I had a number of great conversations at TechEd 2008 IT Professionals down in Orlando. I mentioned in a previous posting that how you evaluate sessions at conferences has a fairly significant impact on where the take content in future conferences. To be completely transparent, I figured I’d do my conference recap right here, so you can see how I use the data to decide what to do in future conferences and get a sense for what I mean (and maybe even believe that I don’t say this stuff to shill for higher scores!).

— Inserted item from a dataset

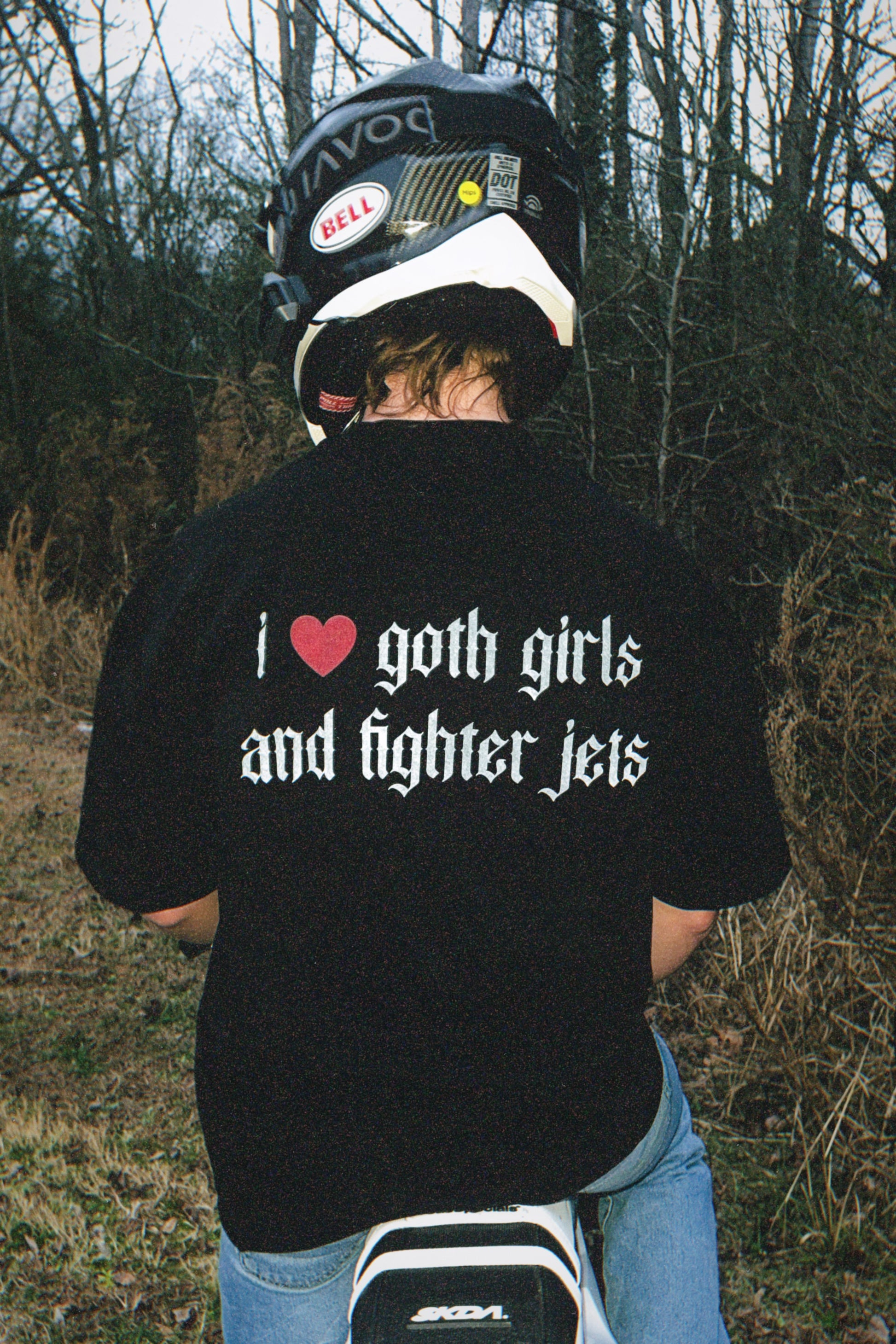 Person wearing helmet and black tee with 'I heart goth girls and fighter jets' text, outdoors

Rather than looking at raw score numbers, I prefer to make them more meaningful by taking my position ranking relative to peers. Was I the #1 speaker in a question? Was I the #last speaker? That is the more salient data for me. Let’s take a look at the raw data:
Q1 Overall satisfaction with the session
Q2 Usefulness of the information presented
Q3 Presenter’s knowledge of the subject
Q4 Presenter’s presentation skills
Q5 Effectiveness of the presentation
Q9 Room setup, audio visual and logistics
Also, here are a couple of verbatims I ended up using in my analysis:
“…I felt I could use the slides to cover all of the areas I needed to address for application compatibility testing.”
“…After Chris’ presentation and some extended discussion I am confident we can remediate many of our application compatibility issues in very short order.”
“…Would love to see some Hands On Labs – ones that purposely have me ‘stumble around’ – even if it is ‘directed stumbling around’ The command line debugger stuff was great! I only wish it was a little slower or had step-by-step in the slides so I could practice at home.”
I also had many discussions with folks at the conference. I didn’t tape record them so I don’t want to mislead you by using quotes, but the essence was that people were interested in having a better understanding of how to debug applications that the tools don’t catch, and that UAC and running as a standard user are still not getting a lot of love.
Given all of that, here is my analysis:
I make a room look good. Want to make an inanimate object look better? Put me in it. I normally don’t look at this one at all, but with a #1 score, how could I resist? I had to taunt Mark Russinovich (whose scores I am constantly chasing) with this one. “You’re number 1 almost everywhere, except one attribute… <dramatic pause> … room setup baby…” (I did get a high 5 out of that one.)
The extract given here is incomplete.